• **Records provided**:
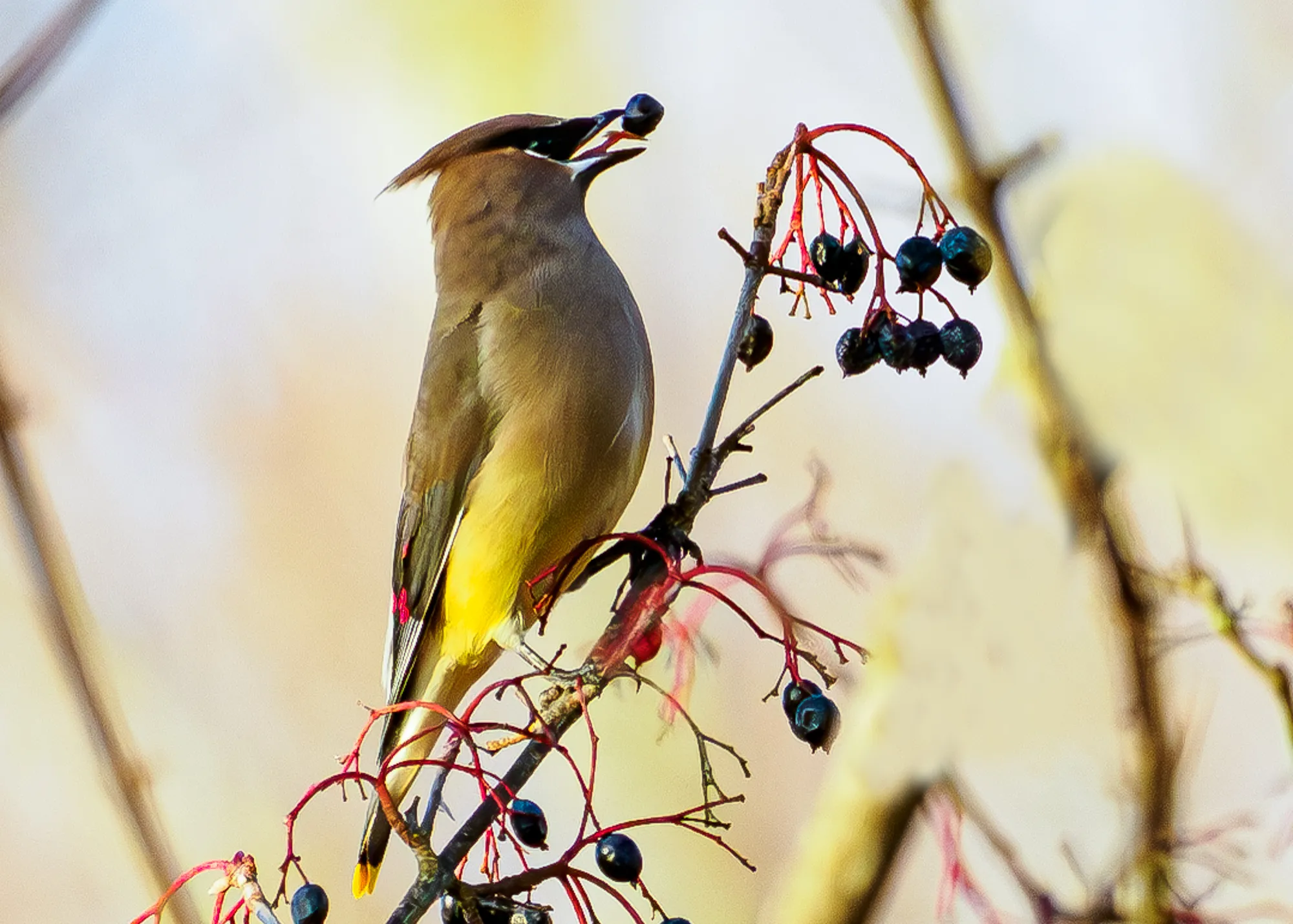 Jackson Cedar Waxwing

...

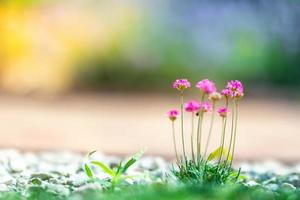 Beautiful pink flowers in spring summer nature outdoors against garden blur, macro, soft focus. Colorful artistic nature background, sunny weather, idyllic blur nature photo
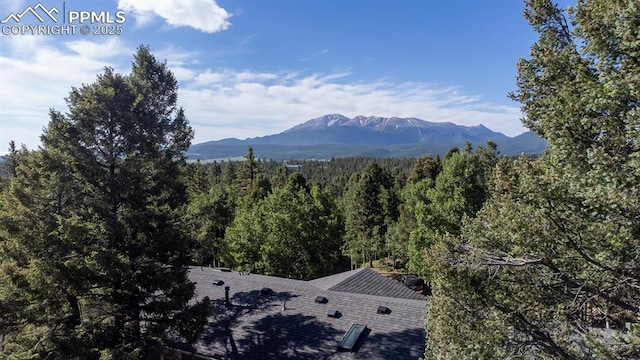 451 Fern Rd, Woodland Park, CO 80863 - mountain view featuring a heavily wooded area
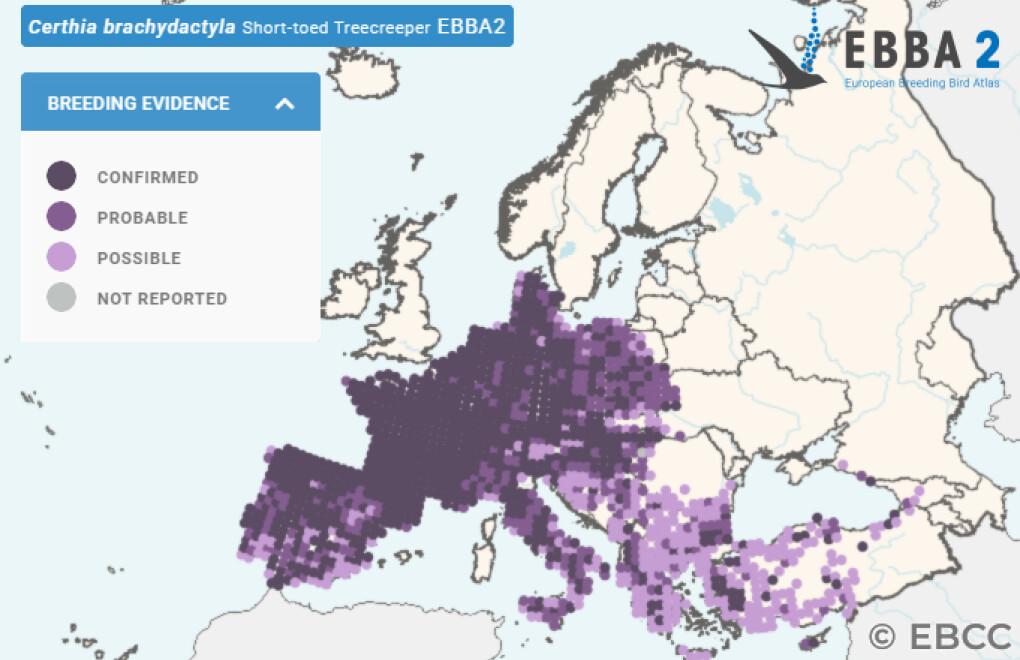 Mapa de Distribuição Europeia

==

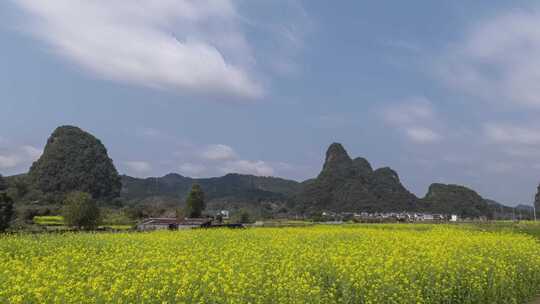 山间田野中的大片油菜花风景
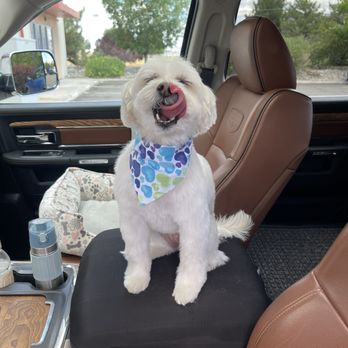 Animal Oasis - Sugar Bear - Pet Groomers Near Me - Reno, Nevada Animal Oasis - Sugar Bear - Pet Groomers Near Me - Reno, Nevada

• **Task prompt**: Look above for the line containing "451 Fern Rd, Woodland", then copy exactly from it through the line containing "Mapa de Distribuição Europeia", keeping both and leaving out pictures. Add nothing else.

• **Finished task**:
 451 Fern Rd, Woodland Park, CO 80863 - mountain view featuring a heavily wooded area
 Mapa de Distribuição Europeia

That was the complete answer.